William Mulholland - Owens Valley

Owens Valley

The California Water Wars were the result of Los Angeles' aggressive acquisition of groundwater rights in Owens Valley for the municipal project to build the aqueduct overseen by Mulholland. Although the scheme by the Los Angeles Water Department was publicly debated before it began (because it needed voter approval for its bond financing), once passed, ex-Mayor Frederick Eaton, who had also been the superintending engineer of the Los Angeles City Water Company for nine years, stopped at nothing to acquire water rights.

Eaton, Mulholland and J.B. Lippincott used underhanded methods to obtain water rights and block the Bureau of Reclamation from building water infrastructure for the residents in Owens Valley. The regional engineer of the Bureau, Lippincott, was a close associate of Eaton, and allowed him access to inside information about water rights. He could also influence Bureau decisions that would be beneficial to Los Angeles.

As a respected public figure, Mullholland also influenced public opinion in Los Angeles by dramatically understating the amount of water available for Los Angeles' growth. Mullholland also misled residents of the Owens Valley, by claiming that Los Angeles would only take water for domestic purposes not for commercial irrigation.

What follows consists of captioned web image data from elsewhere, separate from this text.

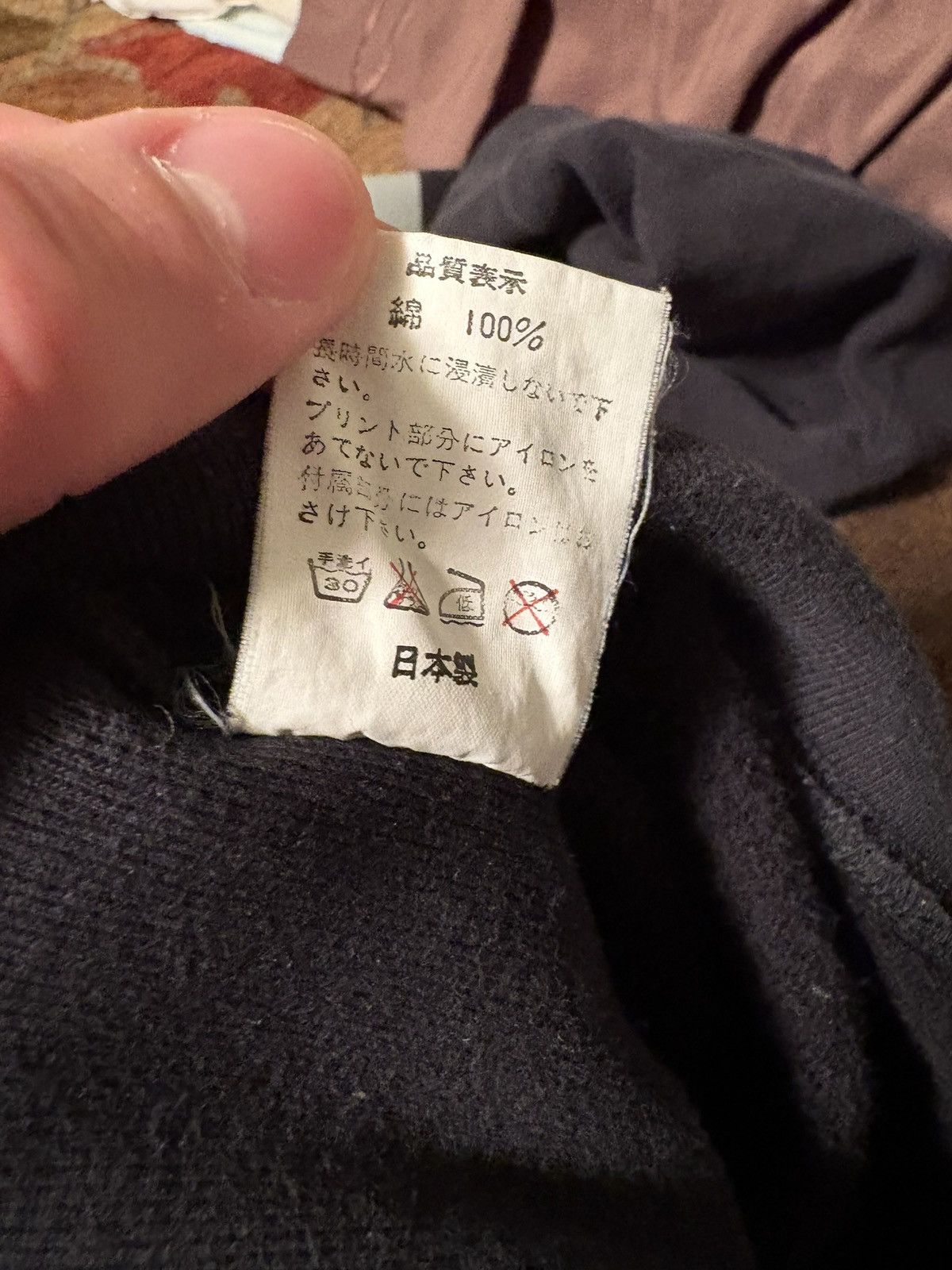 Bape Bape Homies Hoodie Size US M / EU 48-50 / 2 - 6 Thumbnail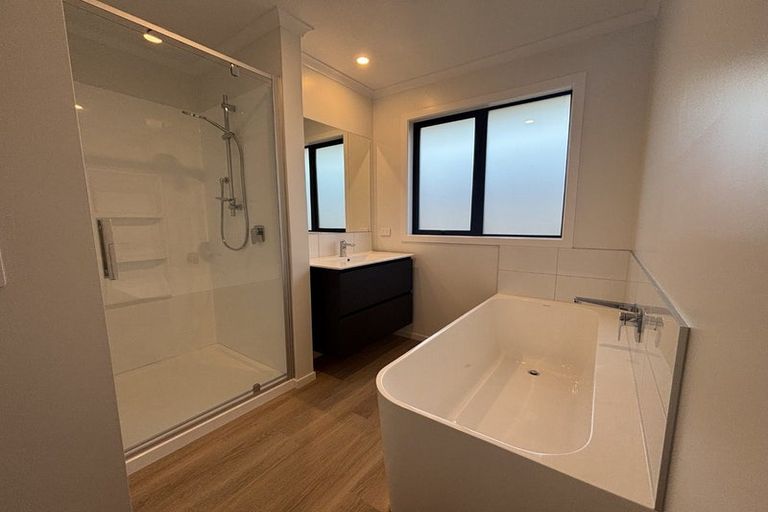 Photo of property in 22 Rubus Street, Appleby, Richmond, 7020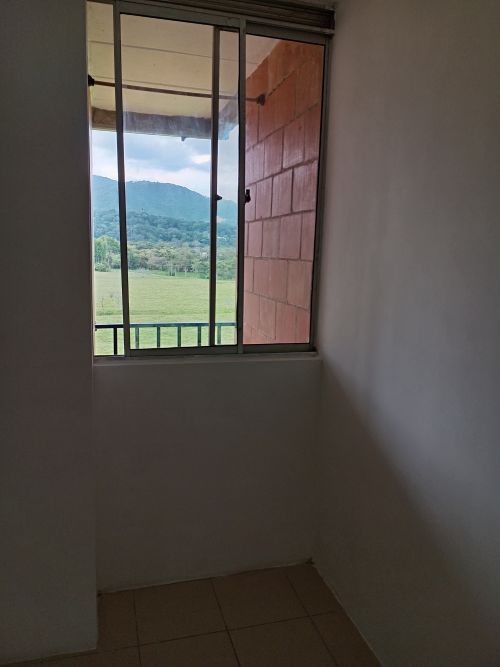 imagen de Arriendo habitación ciudad milenio  con id 34301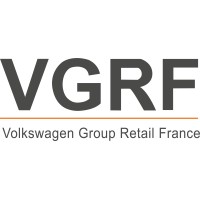 vgrf_logo.jpeg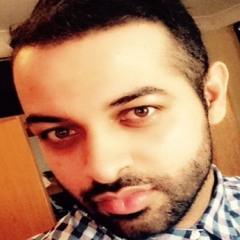 Vikrant Singh 12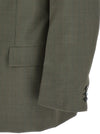 Magliano Dawn Rimini Blazer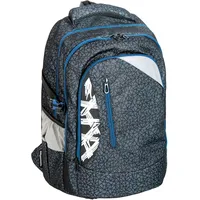 Eberhard Faber X-Style Pro mash dark blue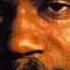 Horace Andy Money Money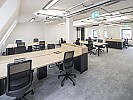 Managed Offices City Road Old Street EC1Y  1434-8.jpg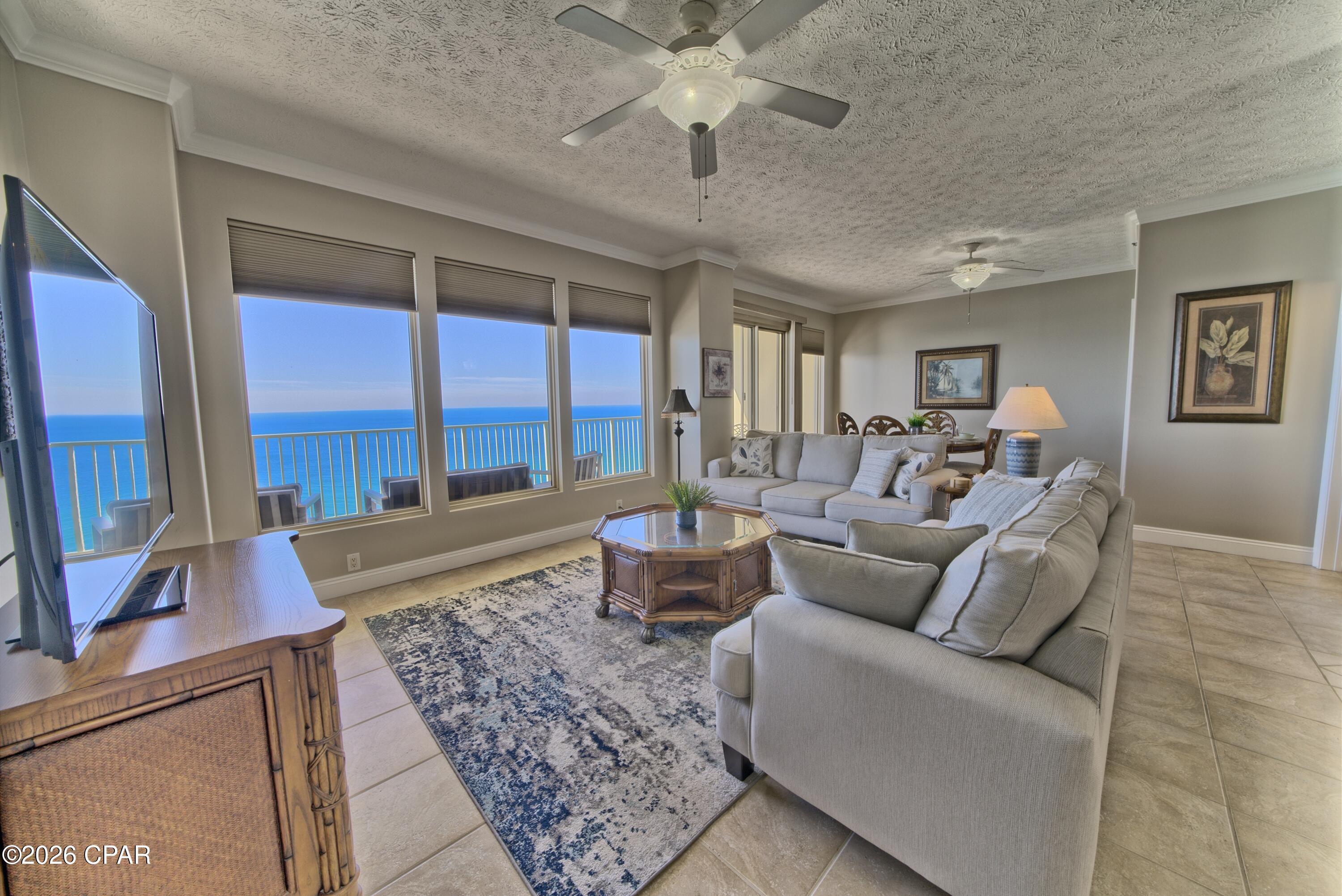 Panama City Beach, Florida, 32408, United States, 2 Bedrooms Bedrooms, ,2 BathroomsBathrooms,Residential,For Sale,2015337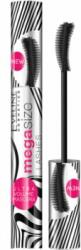 Eveline Cosmetics MegaSize szempillaspirál a maximális dús hatásért 10 ml
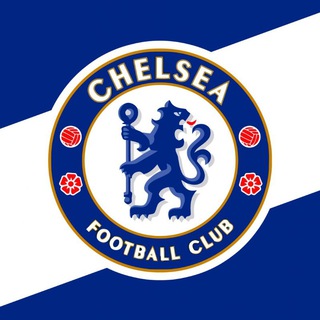 Логотип канала chelseafc_iran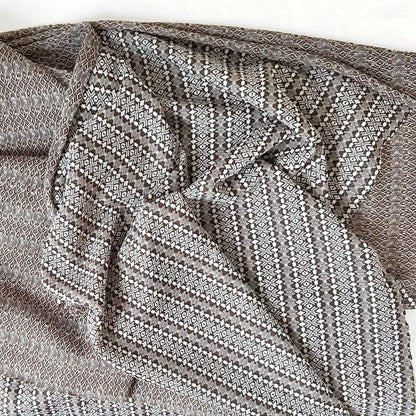 Geometric_Vintage_Fabric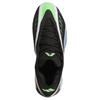 Ae 2 Adidas 'Blue Fusion' JR4359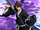 5★ Sosuke Aizen (The Past Version)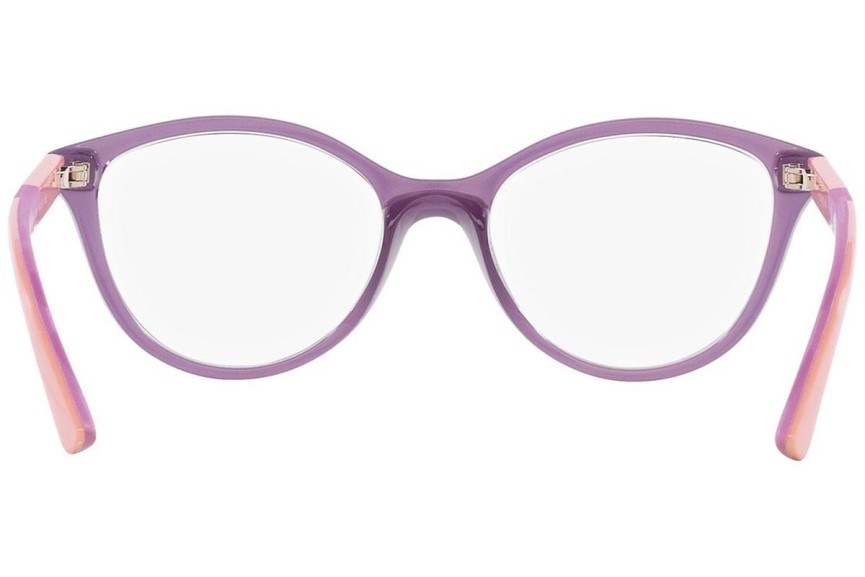 Glasögon Vogue Eyewear VY2019 3064 Special Lila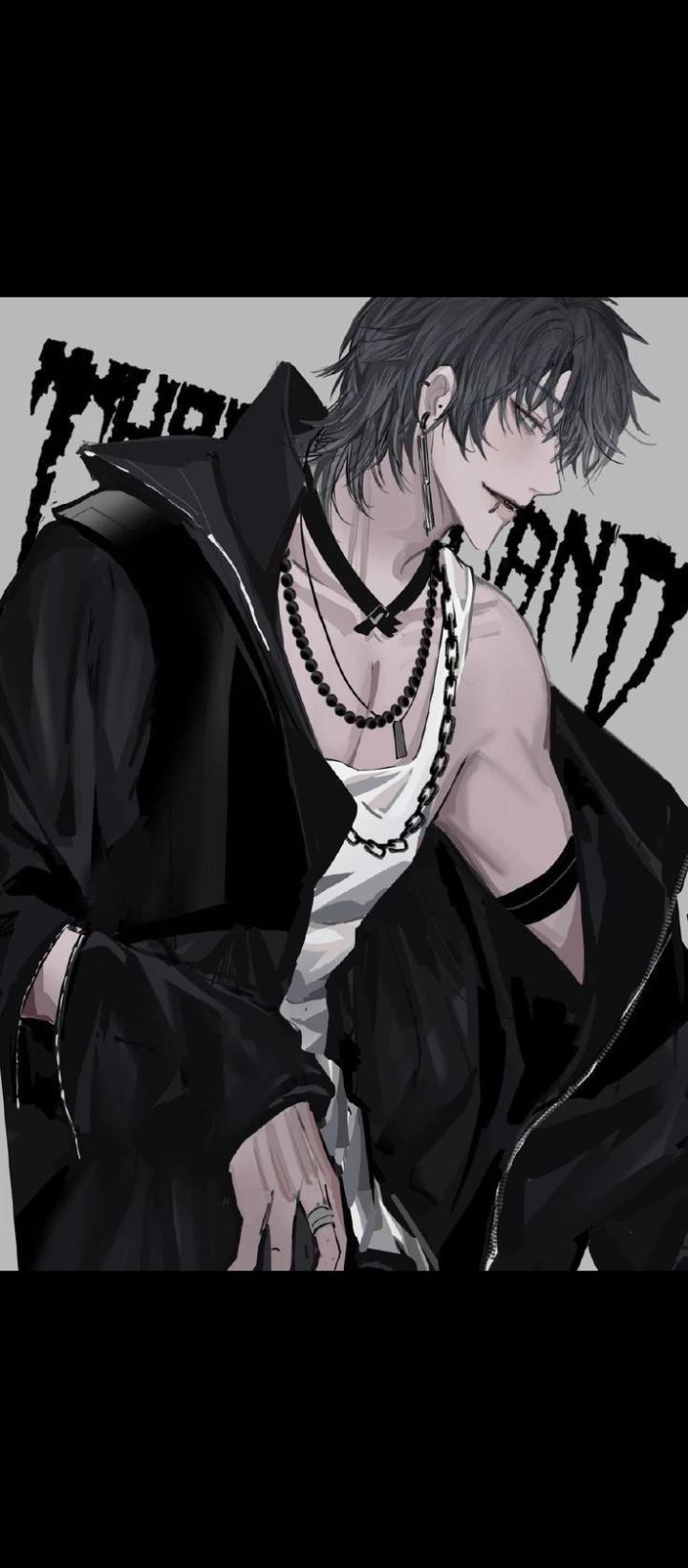 Raven thumbnail
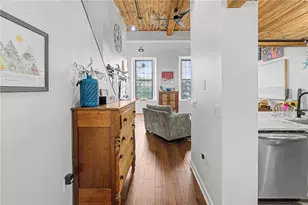 15 Higgins St, Smithfield, RI 02917 - Photo 7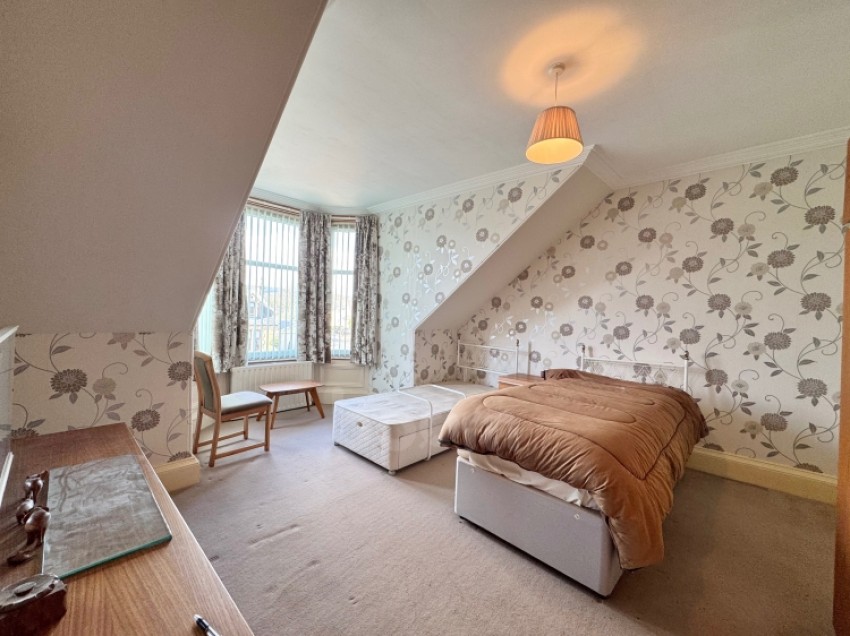 Images for 24 Stoneyholm Road, Kilbirnie, Ayrshire, KA25 7DT, UK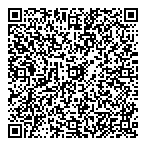 Millennium Public Library QR Card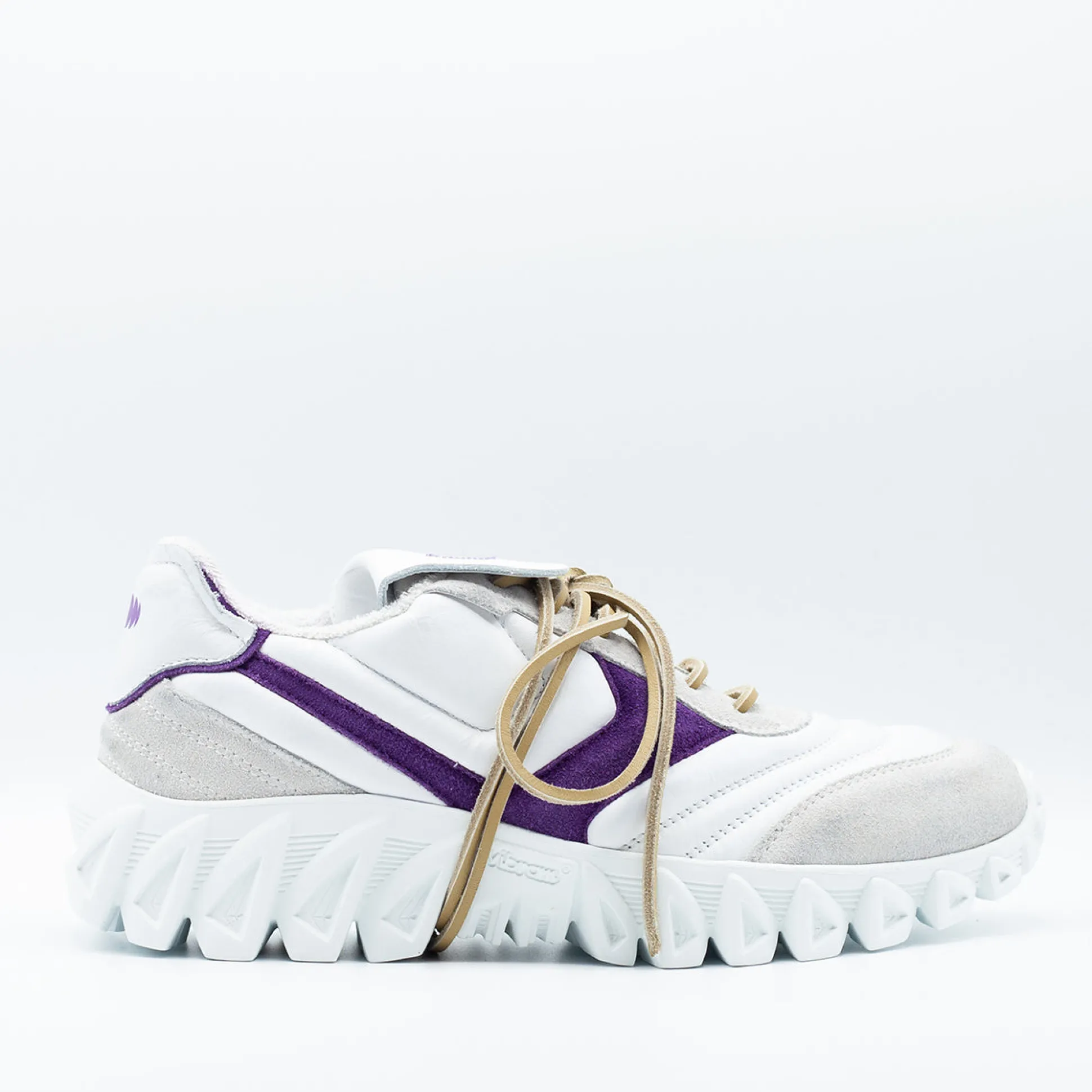 Pantofola d'Oro SNEAKERBALL Women's Sneakers Clearance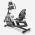 NORDICTRACK COMMERCIAL VR21 STACIONARNY BICYKEL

Initially some residents in the Owens Valley were willing to sell and move south because of the hard economic times in California, but many were not. Those that resisted the pressure to sell until 1930 received the highest price for their land. However most farmers sold out between 1905 and 1925 receiving much less than the price Los Angeles was actually willing to pay.

In 1904 Eaton, with the help of his friend and local chief of the United States Bureau of Reclamation, J.B. Lippincott, begin buying up land in the Owens Valley under the pretense that the land would be used for the reclamation project. By July 1905, Eaton had bought up enough land to secure the land and water rights to build the aqueduct. In 1906, the Los Angeles Board of Water Commissioners voted to undertake the aqueduct project on the recommendation of Mulholland, and decided to use the Department's own resources to purchase Fred Eaton's land and water rights options. In the same year, a bond issue was approved by city voters to proceed with a feasibility study for the construction of a new aqueduct. Water Commissioners created the Bureau of Los Angeles Aqueduct and appointed Mulholland as Chief Engineer. On June 25th President Theodore Roosevelt signed into law a Congressional bill which gave Los Angeles the water rights to Owens River water. The next year voters approved the bond issue for the aqueduct's construction.

In the fall of 1908, The Bureau of Los Angeles Aqueduct began construction of the Los Angeles Aqueduct.

By the 1920s, the aggressive pursuit of the water rights along with the diversion of the Owens River precipitated the outbreak of violence known as the California Water Wars. Farmers in Owens Valley attacked infrastructure, dynamiting the aqueduct at Jawbone Canyon, and opening sluice gates to divert the flow of water. Eventually, the city administration was forced to negotiate. Mulholland was quoted as saying he "half-regretted the demise of so many of the valley’s orchard trees, because now there were no longer enough trees to hang all the troublemakers who live there".

By 1928 the water diversions had completely drained the 100 mi² (300 km²) Owens Lake.